=== Begin Enclosure ===

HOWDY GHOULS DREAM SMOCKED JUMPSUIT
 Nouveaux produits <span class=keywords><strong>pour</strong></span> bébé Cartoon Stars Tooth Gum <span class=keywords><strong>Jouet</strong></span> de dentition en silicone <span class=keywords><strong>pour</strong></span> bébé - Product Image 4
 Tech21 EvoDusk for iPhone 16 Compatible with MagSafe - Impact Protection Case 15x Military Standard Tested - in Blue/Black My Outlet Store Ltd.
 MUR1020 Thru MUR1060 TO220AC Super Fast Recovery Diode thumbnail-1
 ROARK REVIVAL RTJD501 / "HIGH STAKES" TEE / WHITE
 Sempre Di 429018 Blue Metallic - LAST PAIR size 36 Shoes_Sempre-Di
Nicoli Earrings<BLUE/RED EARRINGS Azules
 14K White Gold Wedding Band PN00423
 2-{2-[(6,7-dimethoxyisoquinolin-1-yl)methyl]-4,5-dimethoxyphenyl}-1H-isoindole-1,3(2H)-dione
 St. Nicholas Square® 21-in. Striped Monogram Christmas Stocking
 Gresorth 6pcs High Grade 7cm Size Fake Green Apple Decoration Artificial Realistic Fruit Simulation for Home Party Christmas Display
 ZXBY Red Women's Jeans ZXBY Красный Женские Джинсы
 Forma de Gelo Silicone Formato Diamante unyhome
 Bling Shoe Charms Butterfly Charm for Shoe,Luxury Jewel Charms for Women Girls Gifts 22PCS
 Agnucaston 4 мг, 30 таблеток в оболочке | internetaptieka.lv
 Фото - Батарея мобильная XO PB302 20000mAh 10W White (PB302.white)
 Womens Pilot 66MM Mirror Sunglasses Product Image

=== End Enclosure ===

# Description of the task
Each line above that includes "Image" should be shown.

# Task output
 Nouveaux produits <span class=keywords><strong>pour</strong></span> bébé Cartoon Stars Tooth Gum <span class=keywords><strong>Jouet</strong></span> de dentition en silicone <span class=keywords><strong>pour</strong></span> bébé - Product Image 4
 Womens Pilot 66MM Mirror Sunglasses Product Image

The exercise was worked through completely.